Surrogate Stories: Toni
Once upon a time I was at a Barnes and Noble waiting in line. I saw a Time magazine- the front it said, “More Military Wives Choosing to be Surrogates”. I thought to myself, hey, I’m a military wife, and I think I’d be able to do that. And the rest, as they say, is history.
My husband’s immediate response to the idea was no. His idea of surrogacy was traditional surrogacy, wherein the child would be biologically my own, and he wasn’t comfortable having half of me out there with other parents. When I explained to him the difference between gestational surrogacy and traditional surrogacy, and assured him that the child would not share my DNA, he was just fine with it.
Some in my support network were disappointed by our choice. Mostly because they wanted us to have more children of our own. However, my husband and I only wanted one child, and I had a perfectly healthy uterus that wasn’t going to be used for us anymore! If anyone else ever had other reservations, they didn’t voice them. My friends and family know darn well that I am a very strong-willed, independent individual, and that I was going to go forward with this- with or without their support.
I applied with Growing Generations and was accepted as a surrogate on my 23rd birthday. What a gift it turned out to be!
My first match was in March 2011, almost right after applying, to a gay couple in Texas. Tim was funny, with a wicked sense of humor that matched my own. Though his partner John was more reserved, he’s a kind and wonderful person. We kept in contact throughout the pregnancy, especially since Tim was an OB. I enjoyed our conversations, and our lives were enriched from having them in them.
Everything played out like clockwork. We had our first transfer in May 2011, and I became pregnant with their first daughter. I gave birth to her in January 2012. It didn’t take long for more plans to take shape. We moved almost immediately into the sibling journey. The first transfer did not take, but the second one did. I gave them another daughter in October of 2013. Unfortunately, Tim passed away that December. I was glad for the fact that I was able to help him complete his family before he passed, but at the same time I was sad he didn’t get to be more of a part of their lives.
Ultimately I would go on to have one more journey, carrying twins for an international couple.
I’m a laid back person. For everything throughout the entire process, I’ve taken the approach of: whatever the parents want. While I’m the one that’s pregnant, it’s not my child, or my life that will be affected post-pregnancy. I do everything in my power to keep the parents’ preferences and wishes in mind. Not only because it’s their child(ren), but to give them peace of mind. How trusting does a person have to be to have someone else carry the most precious thing in their life?

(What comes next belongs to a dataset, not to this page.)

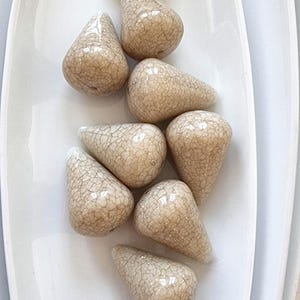 Op de afbeelding: Tien beige keramische kralen in druppelvorm met een gekrakelde glazuur.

In surrogacy you kind of have to put aside your personal opinions on certain subjects, or you need to find parents who believe as you do. Most of the time it’s not a big issue; GG does its best to match people that get along fabulously. But sometimes things come up as the pregnancy goes on, tough subjects, and the parents will have enough worry on their minds without having to also worry about the surrogate fighting them every step. To me, there are no opinions or beliefs I hold that trump the parents’ opinions and beliefs, especially when it concerns their children.
I would say to incoming surrogates to be patient, just as the parents are trying to be with you. The process is exciting, and an emotional rush, but try to not gush about everything at them. Open communication and appropriate boundaries can create some incredibly special relationships as a result of surrogacy.